I think the greatest and most frequent injustice occurs at the discretion end of the scale, where rules and principles provide little or no guidance, where emotions of deciding officers may affect what they do, where political or other favoritism may influence decisions, and where the imperfections of human nature are often reflected in the choices made.

Kenneth Culp Davis(1)

  1. Introduction

    Consider the following hypothetical: The United States Attorney for a particular district has received many allegations of election violations. The federal prosecutor's office does not have resources to investigate all the reports of election violations or to investigate possible unreported violations in the district. To focus the effort of the office, the United States Attorney decides to concentrate on the counties in which African-American politicians have made gains and to investigate only African-American politicians. Pursuing this racially-focused investigation, the prosecutor finds evidence that may prove Congresswoman Joan Smith, who is African-American, committed election violations. The prosecutor obtains an indictment charging her with those offenses and pursues the prosecution vigorously, hoping to make an example of Congresswoman Smith.(2)

    Surely this selection process raises serious concerns. It appears that the federal prosecutor has wielded power in a racially discriminatory manner. The prosecution may violate Ms. Smith's constitutional rights, but unfortunately, she may not even be able to obtain a meaningful hearing on the propriety of the prosecutor's actions. Although she may suspect that others were not prosecuted and she was singled out for an improper reason, she is unlikely to have proof In United States v. Armstrong,(3) the Supreme Court made it even more difficult for her to obtain access to information that would permit the court to explore her claims.

    The law does not dictate precisely how criminal defendants will be selected and, once selected, how they will be treated. Instead, the law accords police officers and prosecutors in our justice system discretion to make these decisions. The exercise of prosecutorial discretion, determining who will be prosecuted and how, sets the tone for the justice system. More importantly, by defining the contours and content of the justice system, it sets the tone for society as a whole.

    At least in theory, however, that discretion is limited by the Constitution.
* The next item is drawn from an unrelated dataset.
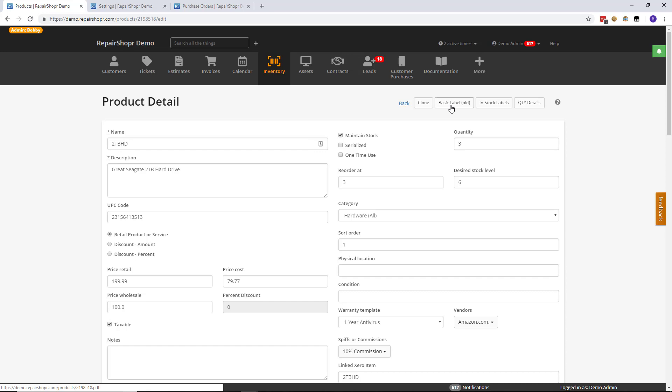The too long don't read version of first in first out or FIFO as some people call it is basically you receive one item and then you sell it and that particular first item that you received is used, and then the next one and so on and so forth. So first item received is the first out. FIFO.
The Equal Protection and Due Process clauses forbid invidious discrimination in the exercise of prosecutorial discretion. The government may not select criminal defendants on improper grounds such as race or religious exercise. Thus, in some cases, the Constitution prohibits the government from pursuing criminal charges even though the defendant may have violated the criminal law. If our hypothetical congresswoman can prove that her selection was racially driven, then she can invoke the Constitution's protection to bar the prosecution regardless of whether she committed the charged offense. The constitutional violation lies in the discriminatory selection.

    Nonetheless, Congresswoman Smith may have difficulty invoking the constitutional protection. Although the courts recognize protection from improper selective prosecution as an abstract right, we have never achieved effective enforcement of that right. In Armstrong, the Supreme Court reduced the likelihood that we ever will, by reversing a decision granting discovery to defendants claiming improper selective prosecution and thus fortifing the barriers against defense discovery of evidence to support selective prosecution claims.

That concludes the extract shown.